### What the task requires
Once the line with "Pulsera de Plata" is found, write it out along with every line after it, exactly, up to the last line of the entries below. Exclude pictures.
Data for review: Begin
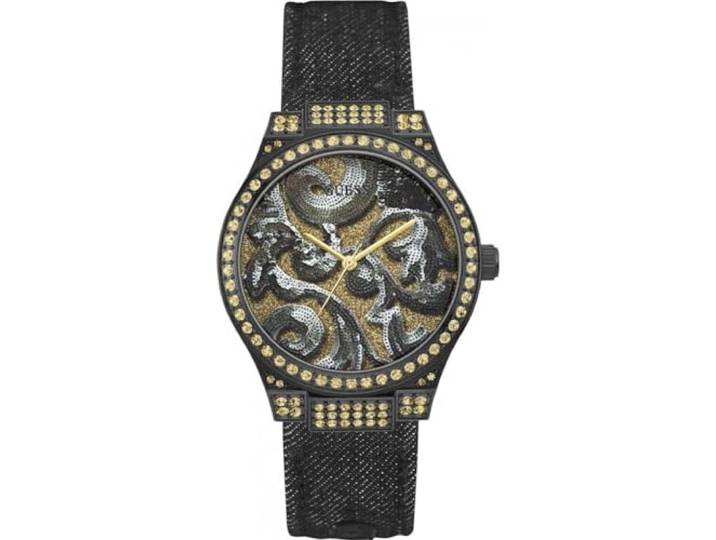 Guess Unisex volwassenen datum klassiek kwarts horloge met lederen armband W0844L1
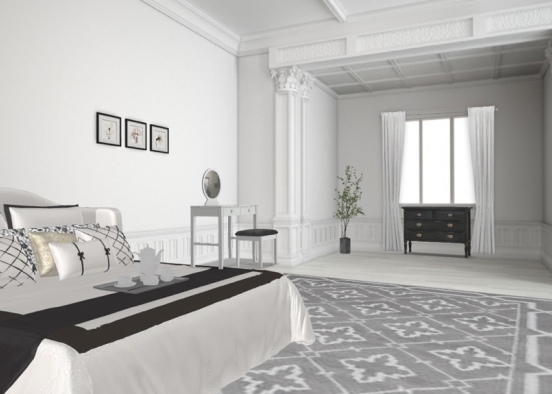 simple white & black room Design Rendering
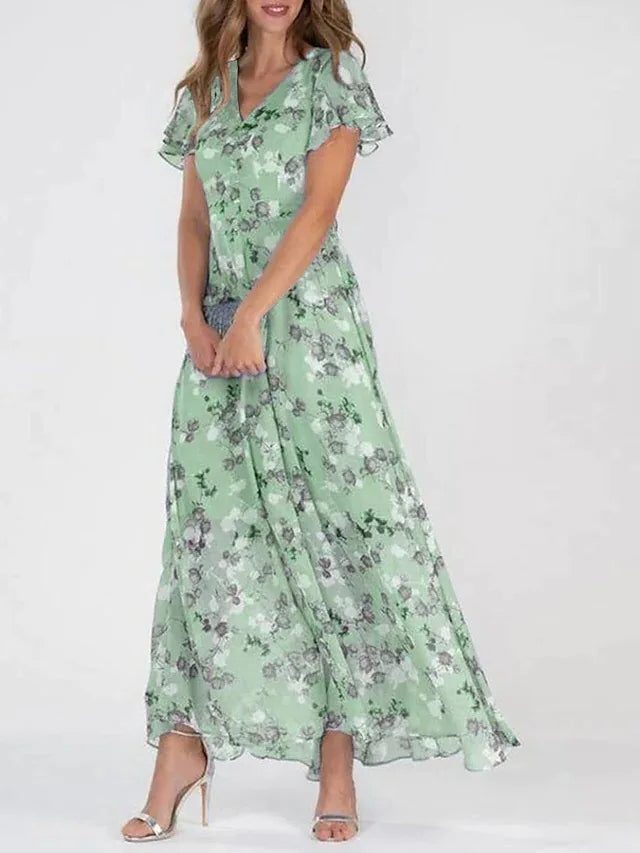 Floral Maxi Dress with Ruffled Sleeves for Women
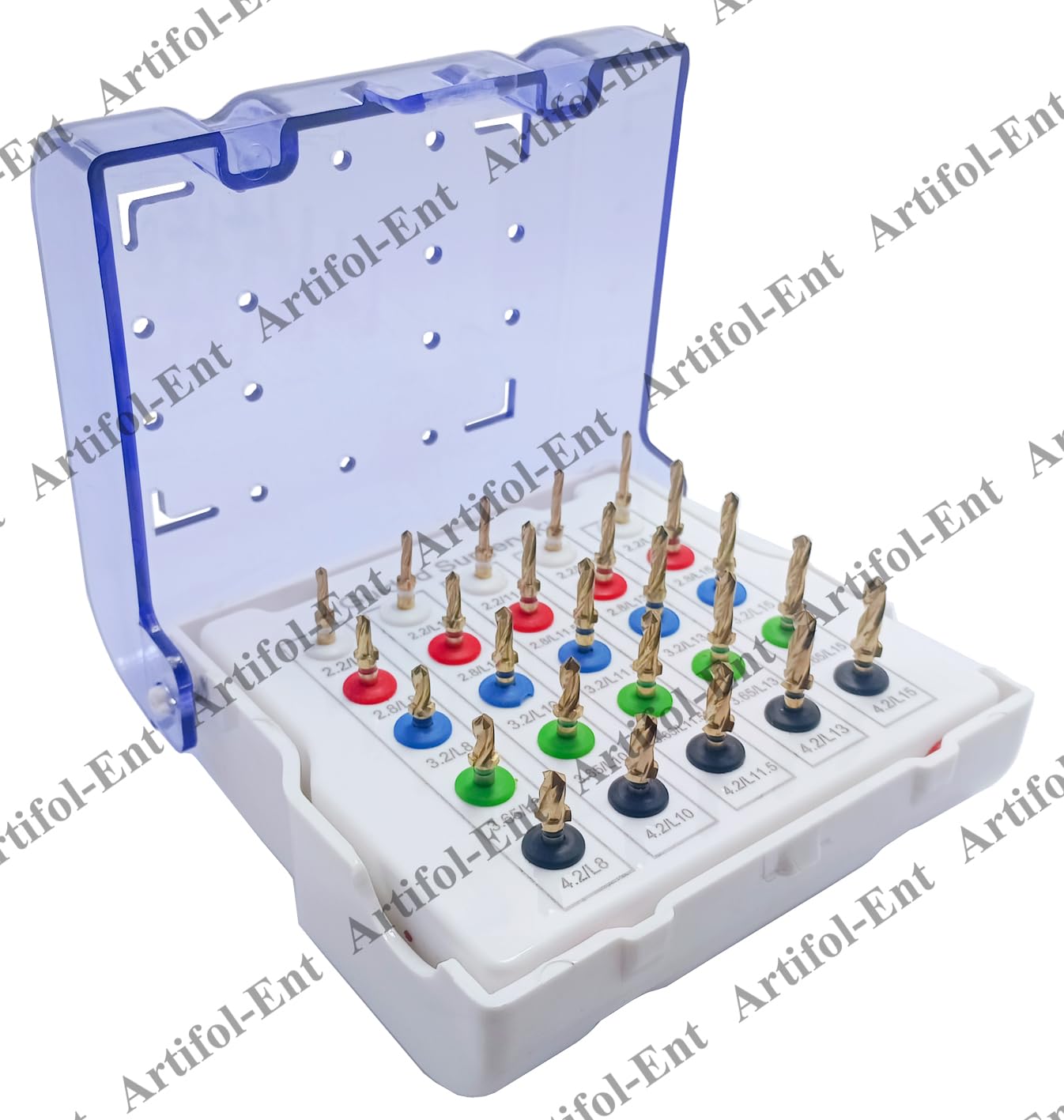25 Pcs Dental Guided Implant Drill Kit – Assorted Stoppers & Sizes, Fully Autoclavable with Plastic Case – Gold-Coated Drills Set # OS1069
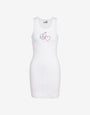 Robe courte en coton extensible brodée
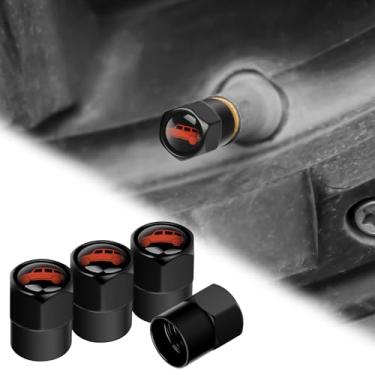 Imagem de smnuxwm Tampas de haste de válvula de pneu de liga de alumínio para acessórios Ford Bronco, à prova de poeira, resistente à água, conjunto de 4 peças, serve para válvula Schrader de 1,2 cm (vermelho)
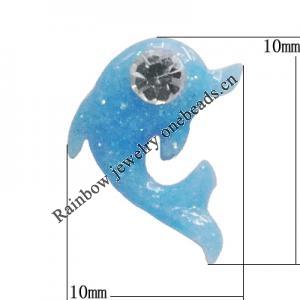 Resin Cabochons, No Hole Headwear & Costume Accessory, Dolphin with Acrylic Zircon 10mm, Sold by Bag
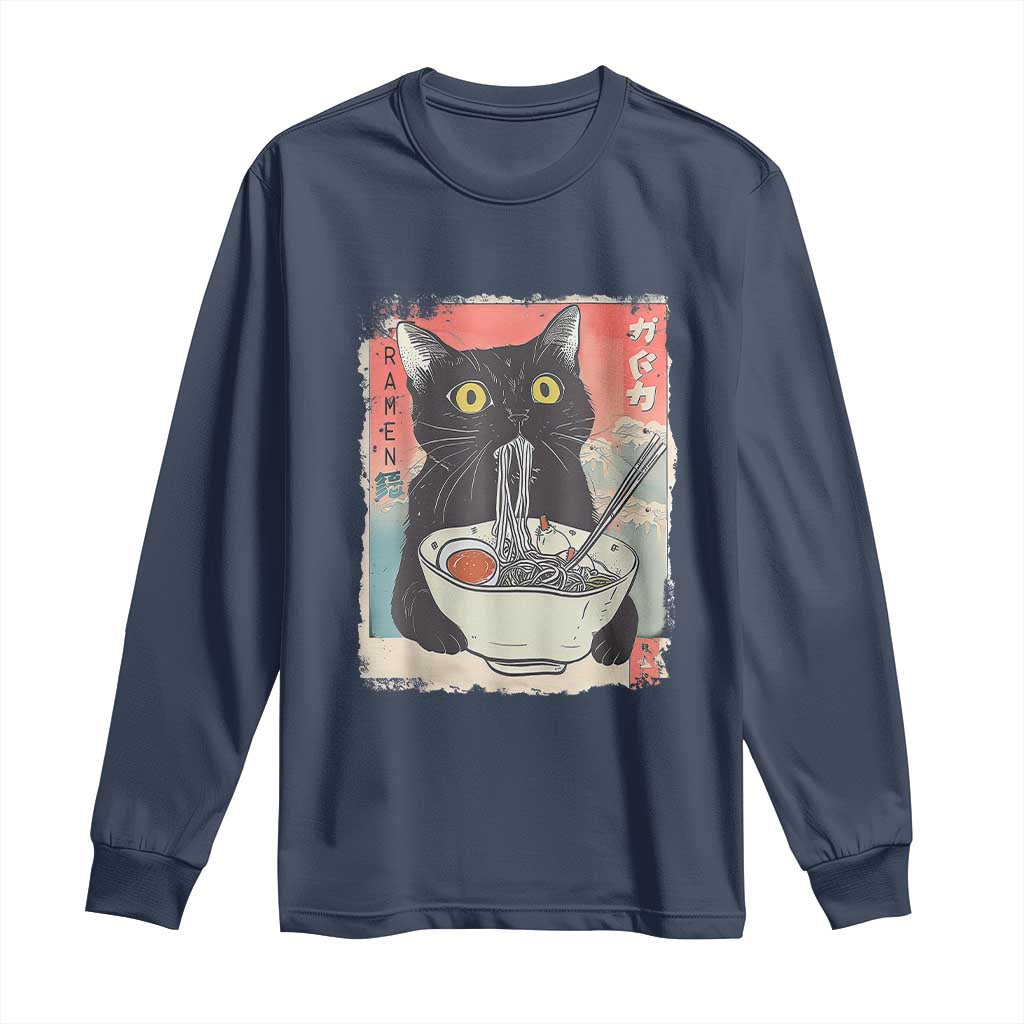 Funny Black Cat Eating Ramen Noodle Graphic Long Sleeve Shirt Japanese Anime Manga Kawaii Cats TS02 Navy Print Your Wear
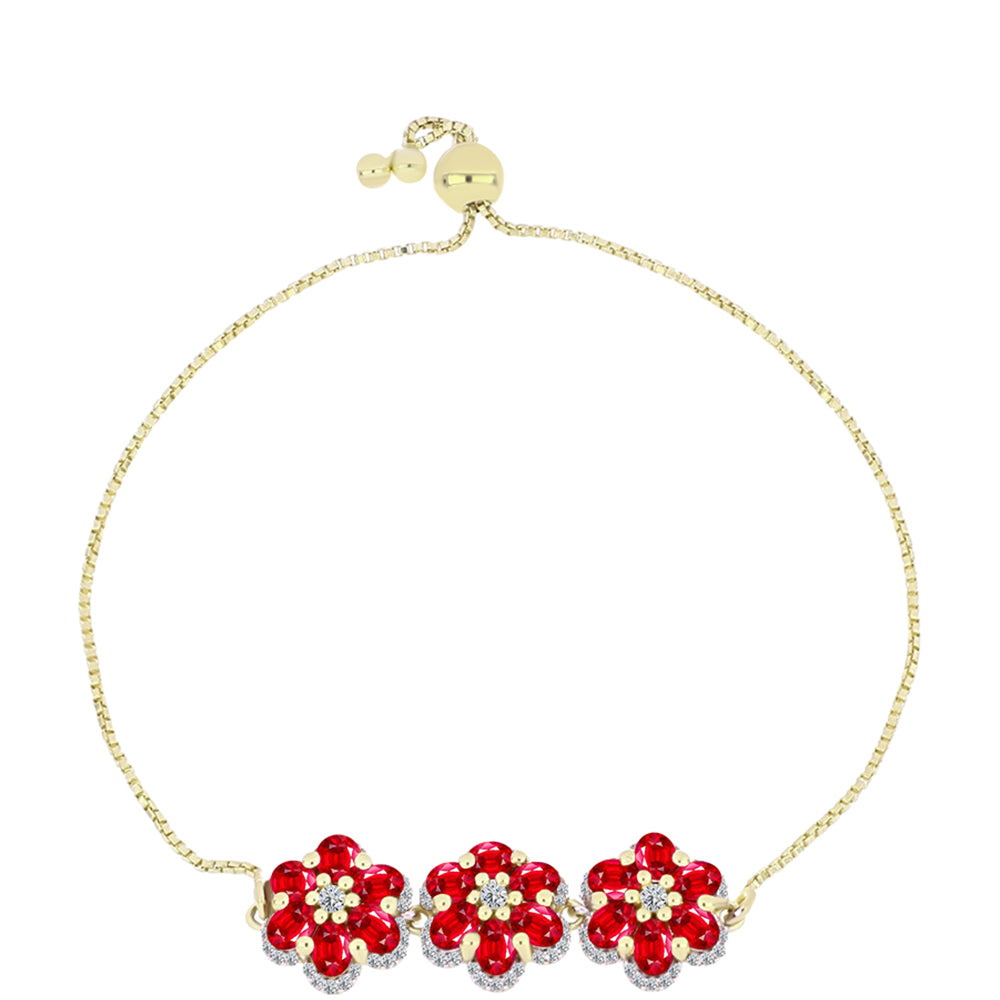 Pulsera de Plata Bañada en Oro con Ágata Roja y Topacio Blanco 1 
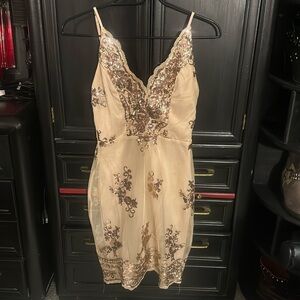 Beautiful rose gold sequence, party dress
Data for review: End
### Solution to the exercise
 Pulsera de Plata Bañada en Oro con Ágata Roja y Topacio Blanco 1 
 Beautiful rose gold sequence, party dress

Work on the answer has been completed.